GnRH-DFF40 fusion protein and DFF40 were successfully expressed. The purified chimeric protein showed dose-dependent cytotoxicity against all three cell lines. The recombinant fusion protein was biologically active with nucleolytic functionality and apoptosis induction ability. Moreover, the fusion could inhibit the invasion property of MDA-MB-231 cells. In silico analysis also showed that four residues from GnRH domain and 11 GnRHR residues had the most interaction sites for specific targeted delivery of the immunotoxin in cancer cells.
Fusion construct could be a prospective candidate for targeted therapy of cancers upregulating GnRH receptor.

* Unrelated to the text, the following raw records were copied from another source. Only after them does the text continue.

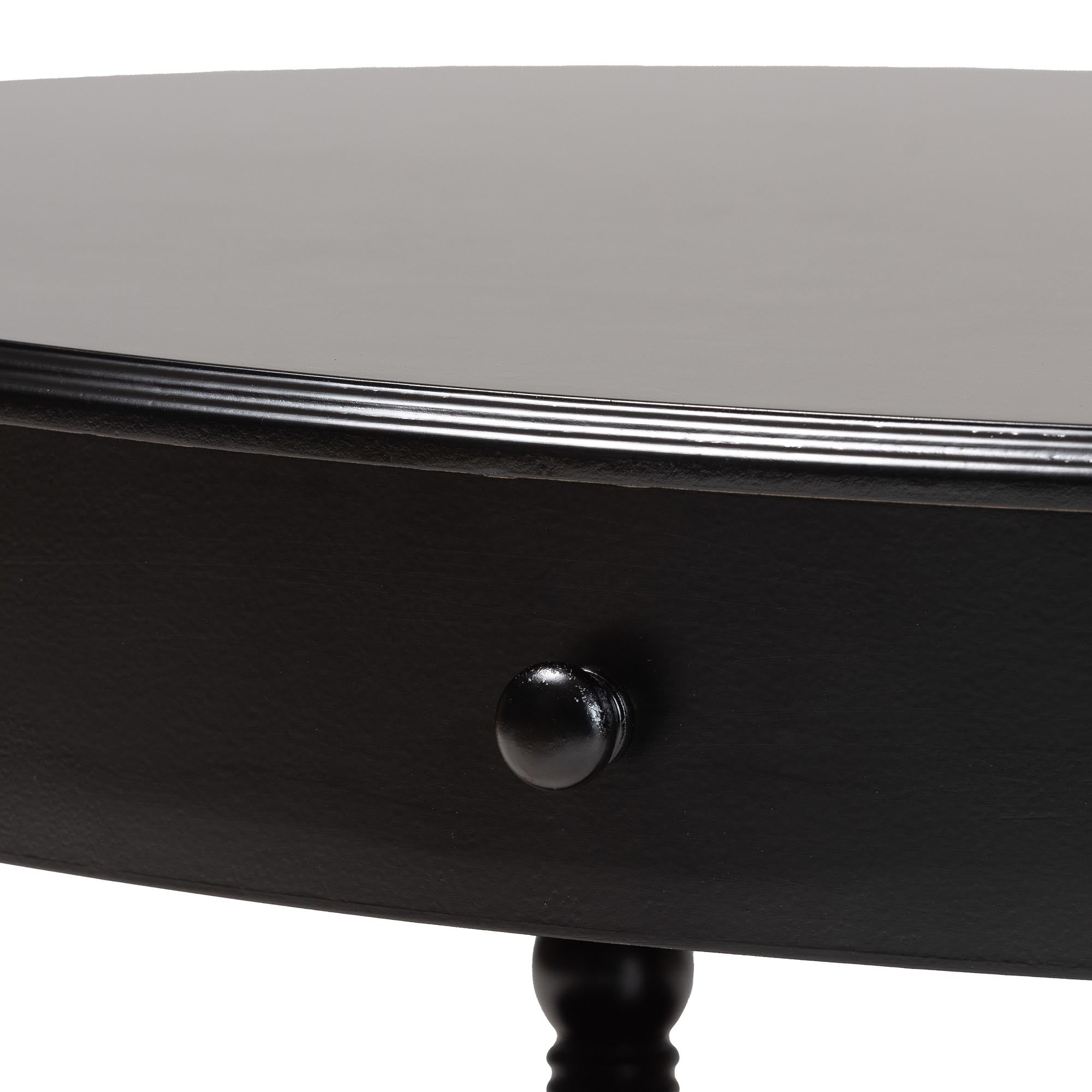 Malinda Classic Black Wood 1-Drawer Coffee Table with Spindle Legs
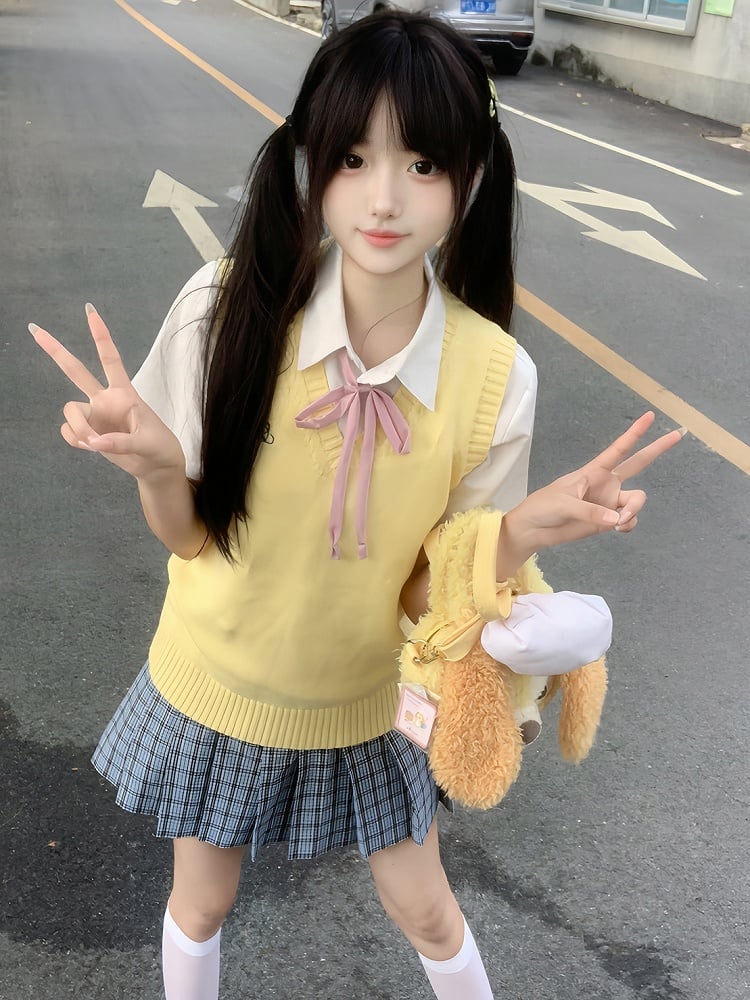 Uniform Knitted Color JK V-neck Options Preppy Style Vest 10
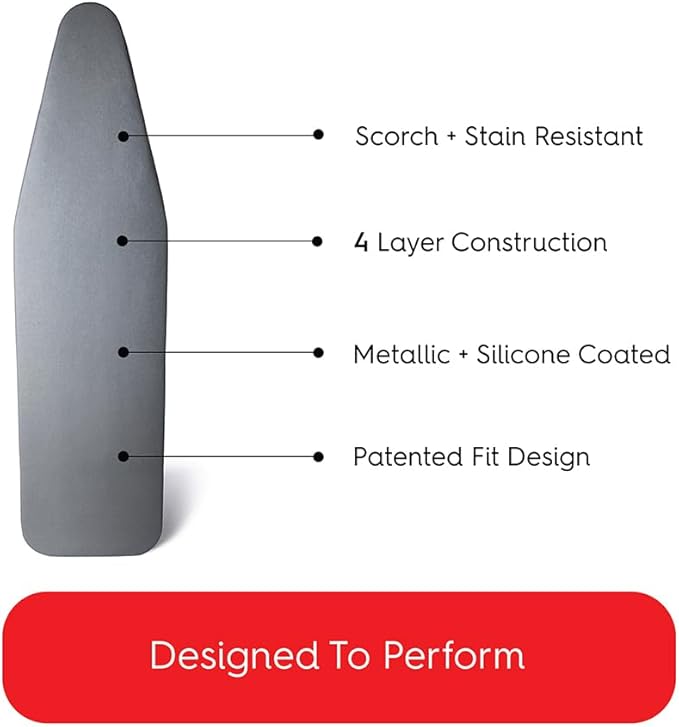 TIVIT Ironing Board Cover 12 x 44, Made in Italy. Pro Grip Pad Covers w/3 Fastener Straps & Pull Bungee Cord - Durable Scorch & Stain Resistant Padded Layers, Heat Reflective AlumiTek PRO Top Coat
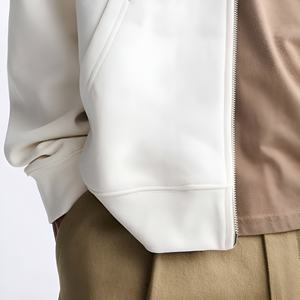 Sudadera con capucha cremosa estilo vintage con cremallera, chaqueta casual minimalista de streetwear, mezcla de algodón, cremallera completa, personalización de marca, OEM, ODM - Product Image 6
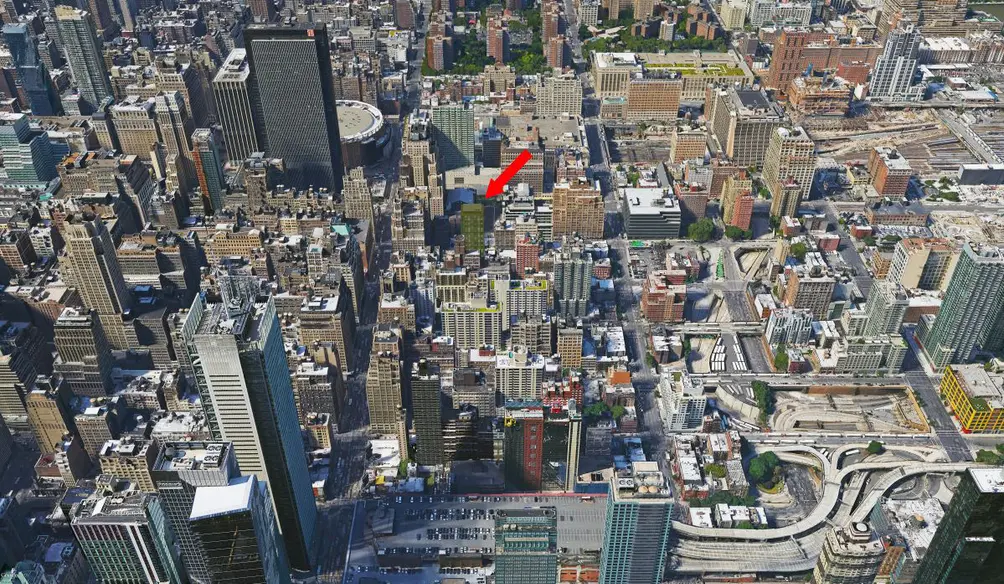 Google Earth of 320 West 36th STreet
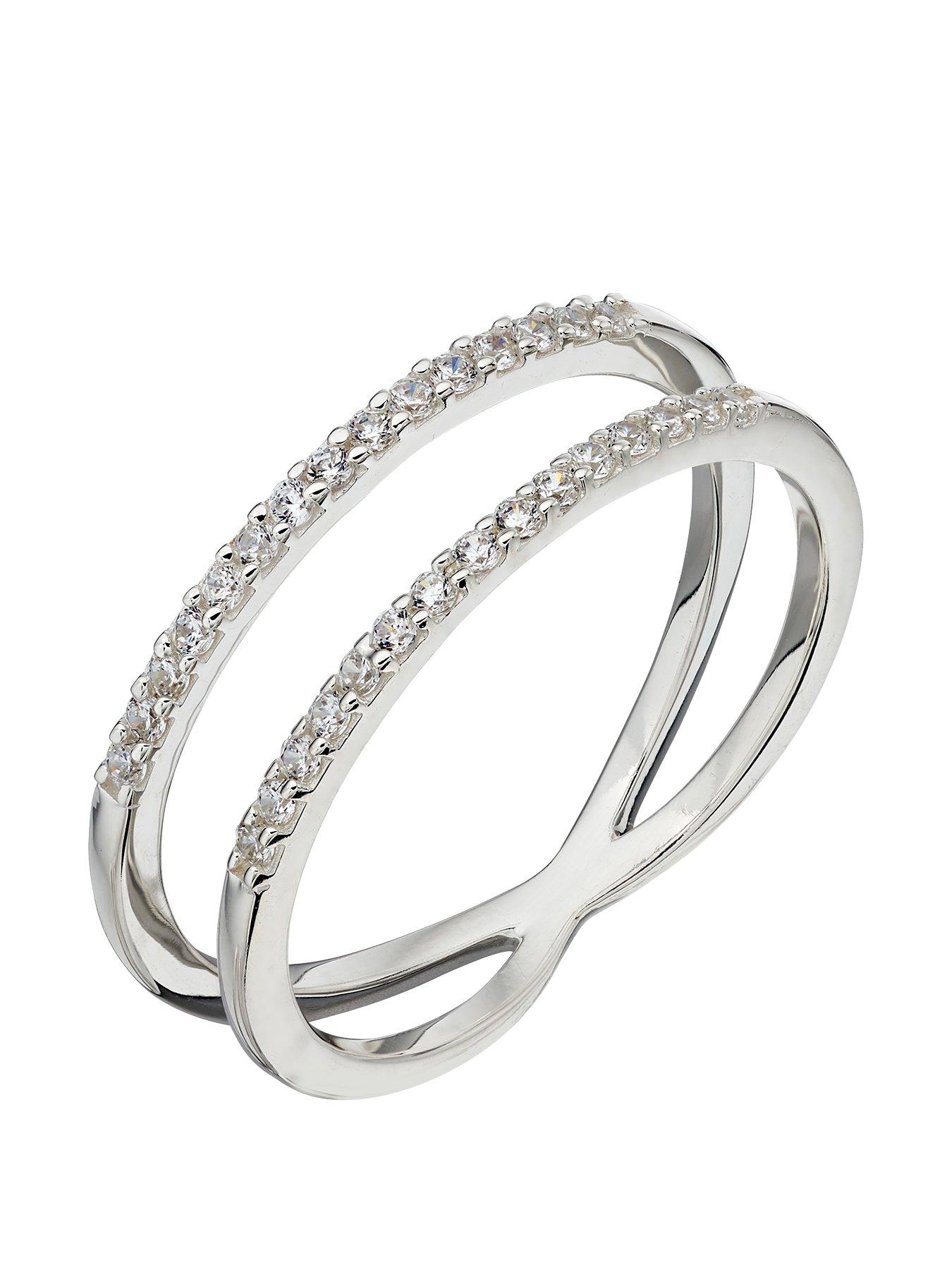 Jewellery & watches Silver Plate White Cubic Zirconia Double band Ring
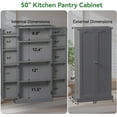 thumbnail image 4 of 50" LED Kitchen Pantry Cabinet Grey Storage Cabinet Food Pantry with Doors and Adjustable Shelves Freestanding Buffet Cupboards Sideboard for Kitchen Living Room and Dinning Room, 4 of 18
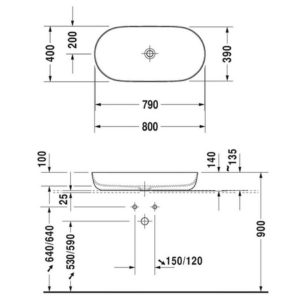 Раковина накладная Duravit Luv 0379800000 800х400 мм цвет белый-фото2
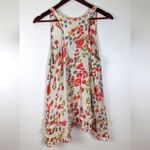 Free People Free People Ivory Floral Lace Henley Racerback Hi-Low Ruffle Tank Top Small (S) Photo 3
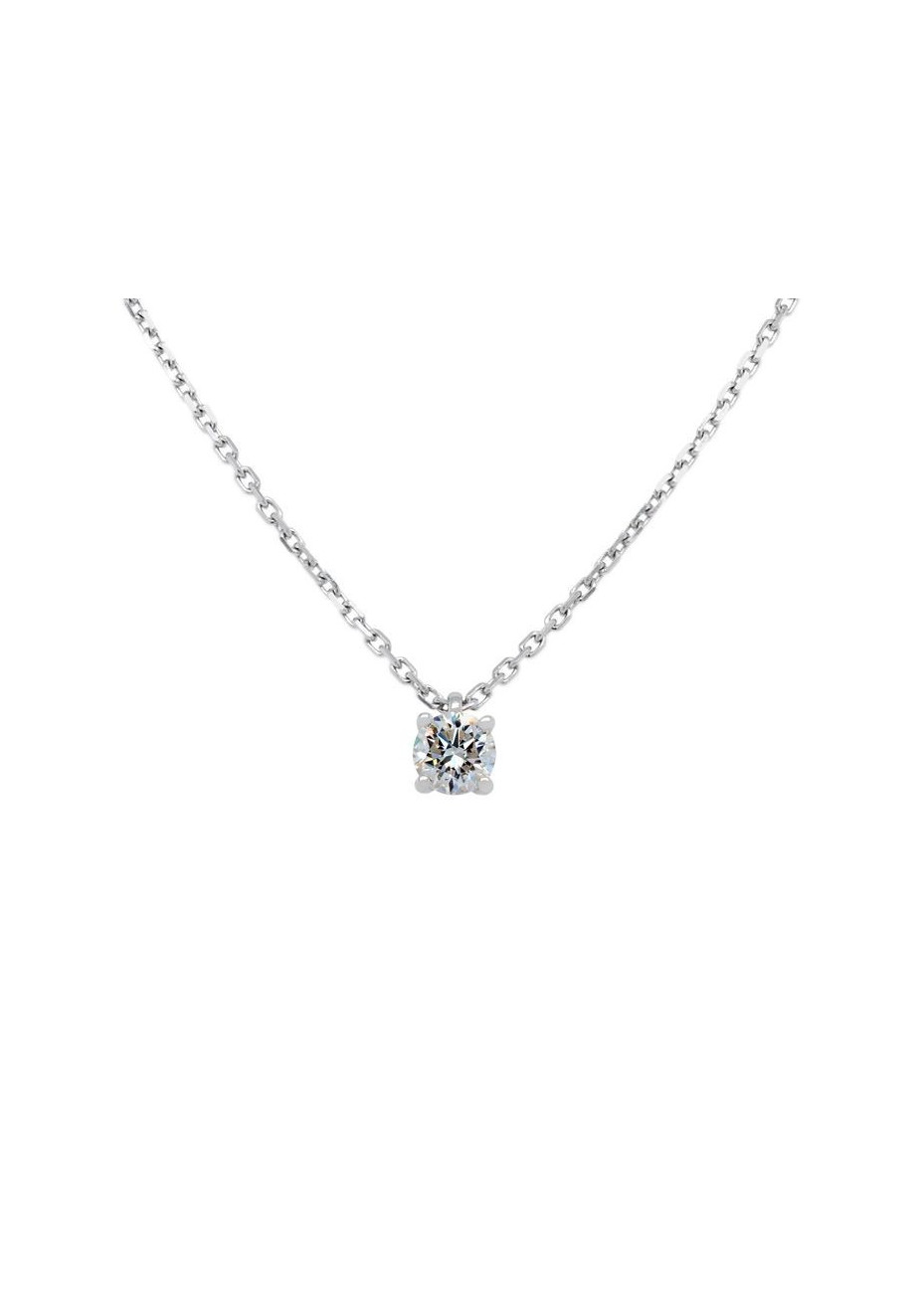Colgante de oro blanco con diamante lab de 0,32ct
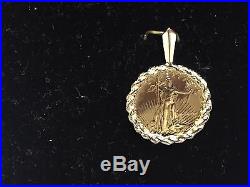 22K FINE GOLD 1/10 OZ LADY LIBERTY COIN set WITH -14K ROPE FRAME PENDANT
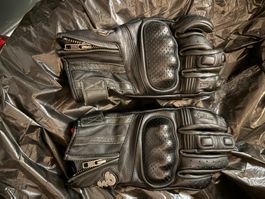 Spirit Motors Leder Motorradhandschuhe schwarz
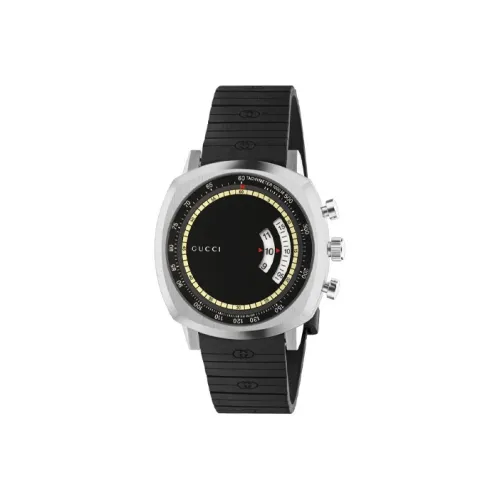 GUCCI Grip Collection Мужские часы Кварцевый механизм Резиновый ремешок Черный циферблат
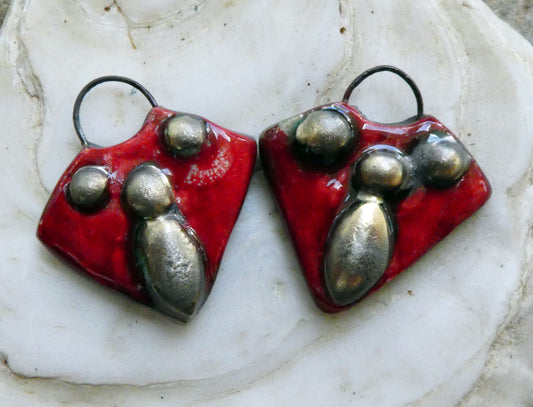 Ceramic Granular Shield Earring Charms - Red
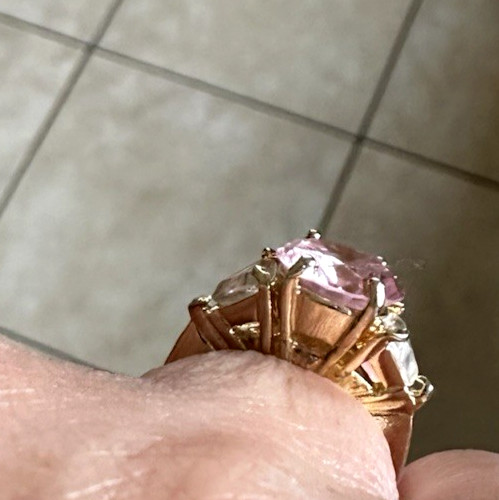 Sterling Silver Pink Ice Ring Three Stone w/White Accents CZ sz 6.5 HSN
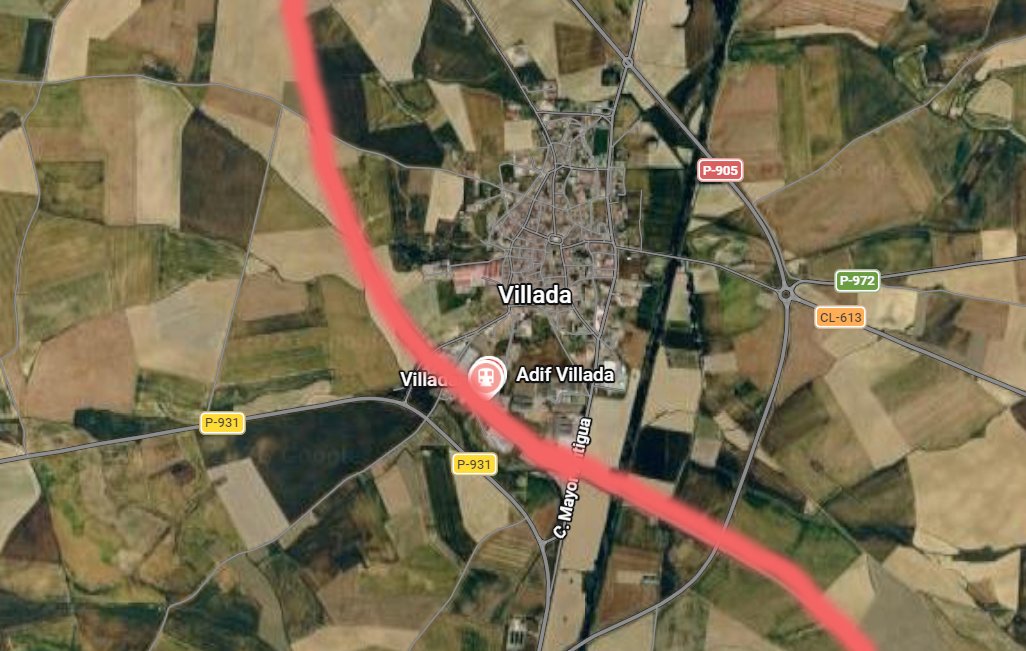 Mapa de Villada mostrando la ruta del tren de mercancías y áreas afectadas por el incendio.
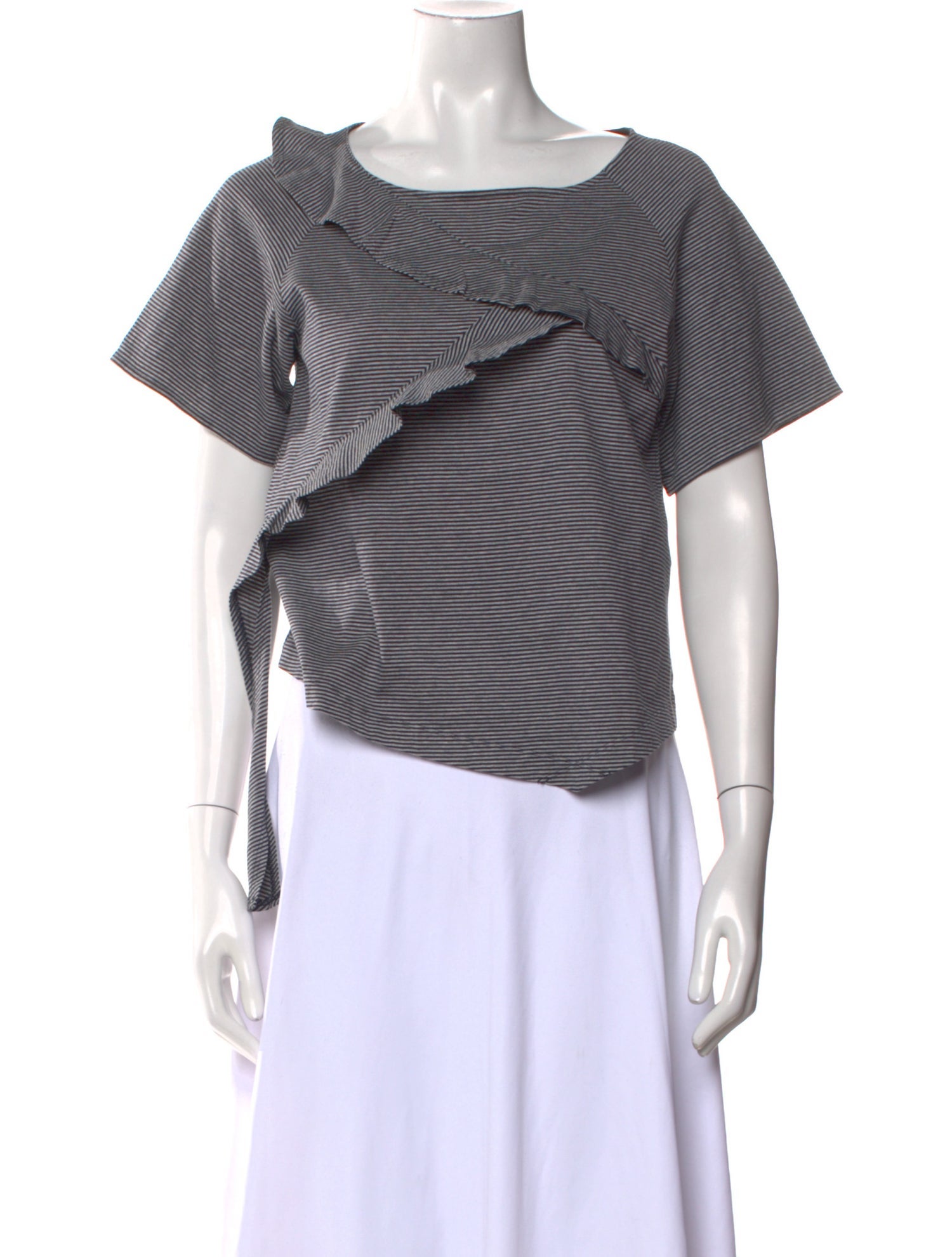 Balmain Striped Bateau Neckline Top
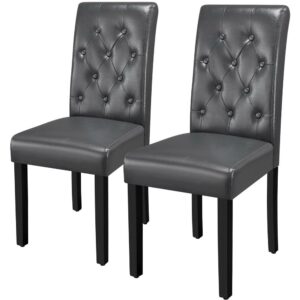 Alden Design Modern Tufted Padded Dining Chair with Tall Back, Set of 2, Gray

GnRH-DFF40(促性腺激素释放激素-DNA 片段因子 40)人源化重组免疫毒素可作为治疗过度表达促性腺激素释放激素受体(GnRHR)的恶性肿瘤的靶向治疗的候选药物。在这项研究中,我们试图构建一种由人源 DFF40 与编码凋亡核酸酶的 GnRH 融合而成的基于 GnRH 的嵌合蛋白,该蛋白特异性靶向表达 GnRH 受体的癌细胞。
构建了在 pET28a 表达载体中的 GnRH-DFF40 融合基因及其单链(DFF40)的密码子优化合成基因。在三种乳腺癌细胞系(MCF7、MDA-MB231 和 SKBR3)上评估这些表达蛋白的细胞毒性。在处理的细胞系和无细胞系统中研究了重组蛋白的稳定性和生物学活性。此外,通过流式细胞术、迁移试验和划痕愈合分析分别评估了该融合蛋白及其单一形式诱导凋亡、抑制转移和迁移的能力。还进行了计算机模拟分析,以了解 GnRH 与其受体之间的特异性相互作用。
成功表达了 GnRH-DFF40 融合蛋白和 DFF40。纯化的嵌合蛋白对所有三种细胞系均表现出剂量依赖性的细胞毒性。重组融合蛋白具有生物活性,具有核酶功能和诱导凋亡的能力。此外,融合蛋白可抑制 MDA-MB-231 细胞的侵袭特性。计算机模拟分析还表明,GnRH 结构域的四个残基和 GnRHR 的 11 个残基具有最多的相互作用位点,可特异性靶向递送至癌细胞中的免疫毒素。
融合构建物可能是治疗过度表达 GnRH 受体的癌症的有前途的候选药物。